In these defined-benefit plans, the worker has a defined benefit and increased costs are the responsibility of the employer. This is bad news today but if the economy improves, good times for the employer could return.
The opposite is true for defined-contribution plans. Again, as the name implies, in a defined-contribution pension plan, it is the contribution that is defined with no commitment to how much will be paid out in retirement. For example, the plan may provide that the employer will contribute $1 to the pension plan per hour of work. Or it could state that the employer will contribute five per cent of an individual's pay into the plan.
Once the employer makes the contribution, however, that is the end of the employer's responsibility.

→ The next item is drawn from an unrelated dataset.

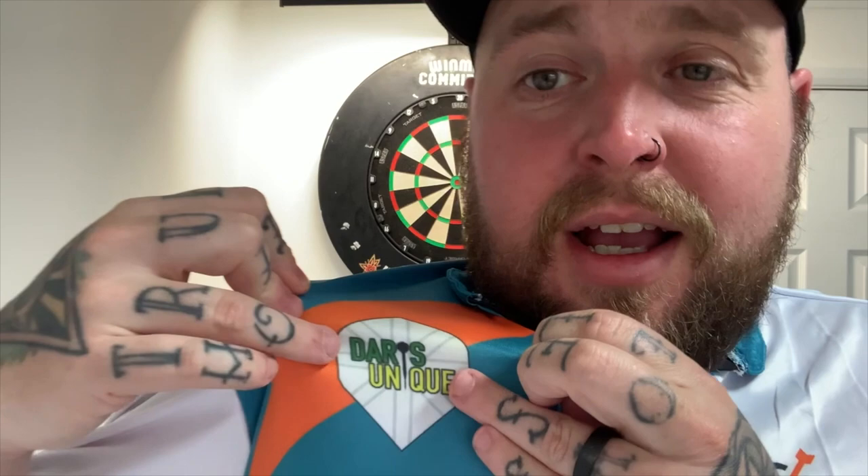If you guys want one done, make sure you check out - I will put a link down in the description below if you want your own custom shirt. I am in love with it, it's great. The colours are orange and teal - the orange is a bit of a homage to where I work, my orange overalls, and the teal is a good contrasting colour. It's also the colour of my favourite team, so it's a bit of a blend, a mix of everything.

If the stock market crashes or interest rates on investments are low, the worker will have a lower asset pool at retirement and, thus, lower retirement income. The worker, therefore, has no idea until very close to retirement what income to expect and how much more to save. Just imagine the difference between retiring in 2007 versus 2009.
It is also true that, even if investments work out as hoped for, the new defined-contribution pension plans being offered by Air Canada and Canada Post should not be expected to result in benefits as large as the defined-benefit plans they want to close.
For the level of benefits now promised to Air Canada and Canada Post workers, employer contributions in excess of 10 per cent of pay would be expected in today's climate. One would not anticipate the new defined-contribution plans being that rich.
So, the benefits being negotiated are important and real. Management will continue to attempt to pass the pension risks over to the workers by using defined-contribution plans and workers will work equally hard to retain their defined benefits.
That's the reason for all the fuss.
Indeed, that's the reason for all the fuss about pensions. Workers want to maintain their current defined benefit plans, but employers are telling them "we can't afford it so get used to the idea of defined-contribution plans."
In an op-ed to the Montreal Gazette, Bill Tufts, an employee benefits consultant and the founder of Fair Pensions for All, an organization devoted to public-sector pension reform, warns that the an unsustainable pension gap is growing:
The Gazette's July 4 editorial, "City hall is right to get tough on pension funds," applauded proposals from the city of Montreal to take steps to control its growing pension obligations.
Montreal's problems with public-sector pension affordability are being mirrored in the rest of Quebec and indeed the entire country. Canada has become a land of pension haves and have-nots. There is a growing gap between public-sector-employee pension benefits and taxpayers who fund those generous goldplated pensions but don't have one of their own.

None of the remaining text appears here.